John sat on the train across from a pale, brunette couple holding hands and mouths and he felt the pang of loneliness he had been so diligently trying to avoid.  Dinner with friends, movies with friends, dancing with friends, drinking with friends.  It kept going and it had been going on for the last three months.  He left her in June for a Single Summer in New York.

They met in LA because that was where they both lived at the time.  On their first date he picked her up in his friend’s old Mercedes with a missing back window.  He wore his gray pants made out of a nubby wool that would end up being her favorite pair, that was in course, until he broke up with her, at which point they were her least favorite pair in the whole world.  In fact, whenever she saw gray pants with a dropped-crotch and skinny legs she would shudder and avert her eyes.  She knew it was ridiculous but she couldn’t help it.

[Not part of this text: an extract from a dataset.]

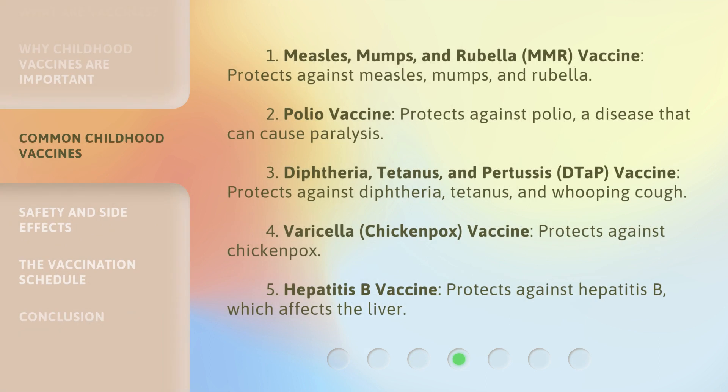Here are some common childhood vaccines. 1. Measles, Mumps, and Rubella (MMR) Vaccine: protects against measles, mumps, and rubella. 2. Polio vaccine: protects against polio, a disease that can cause paralysis. 3. Diphtheria, Tetanus, and Pertussis (DTaP) Vaccine: protects against diphtheria, tetanus, and whooping cough. 4. Varicella (chickenpox) Vaccine: protects against chickenpox. 5. Hepatitis B vaccine: protects against hepatitis B, which affects the liver.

That night John took her to a bad club, the kind where girls wore spandex dresses and hooped earrings and danced to things like 50 Cent.  His friends came, too – two shorter boys that reminded her of elves.  But it didn’t matter that the club was terrible; they had fun anyway.  And when he danced, hopping on one foot and pretending to throw a pair of dice, she laughed under the changing lights.  He watched her as he did this, this hopping around thing he’d been doing since he was fifteen, he watched her face under the purples and blues and pinks and knew that he could love her already.

They kissed in a dark alleyway off of the main drag where his little elf friends were walking.  Neither of them was drunk and they would remember it later and it wouldn’t embarrass them.  Though now that moment had happened so long ago – years, nearly – that neither of them could remember the specifics or even the feeling.  It was all evaporating – everything they had.

He slept over at her house that night, and many nights thereafter until they ended up prematurely moving in together – something that happens when you’re young and don’t know any better, before you know what endless amounts of exposure to another person can do to a relationship.

In the morning she would make him eggs and each time she set the plate down in front of him she would apologize because she wasn’t good at making breakfast foods, especially eggs.  She was better at dinner, she would say, which was true.

If she slept at his house, she would wake up in the morning and make coffee with a little French press to quell the hunger while waiting for him to make breakfast, which was tastier than her own.  He always had asparagus in the fridge, so they would eat that.  And he was recently into turkey bacon, so they would eat that, too.  They sat at a small table next to a window overlooking Korea Town, drinking coffee and watching each other, sometimes not talking at all.

Those were the good times.  Times when they made each other mix tapes and were still nervous when they held hands.  The first time he went to hold her hand, she didn’t trust him because no one had ever wanted to hold her hand before.  Eventually, he stopped holding her hand when they crossed streets together and this made her terribly sad.  It made her remember what it was like to not have someone want to hold your hand, and it was worse because you were living with the person who didn’t want to hold it.  That was the worst part, the handholding, how it stopped.

The subway lurched to a halt in between stations and John felt awkward sitting across from the couple he had unintentionally been staring at this whole time.  He shifted in his seat and looked out the window next to them at the unintelligible graffiti made by teenage children who thought they could outsmart trains.  Love, he thought, love was such a thing.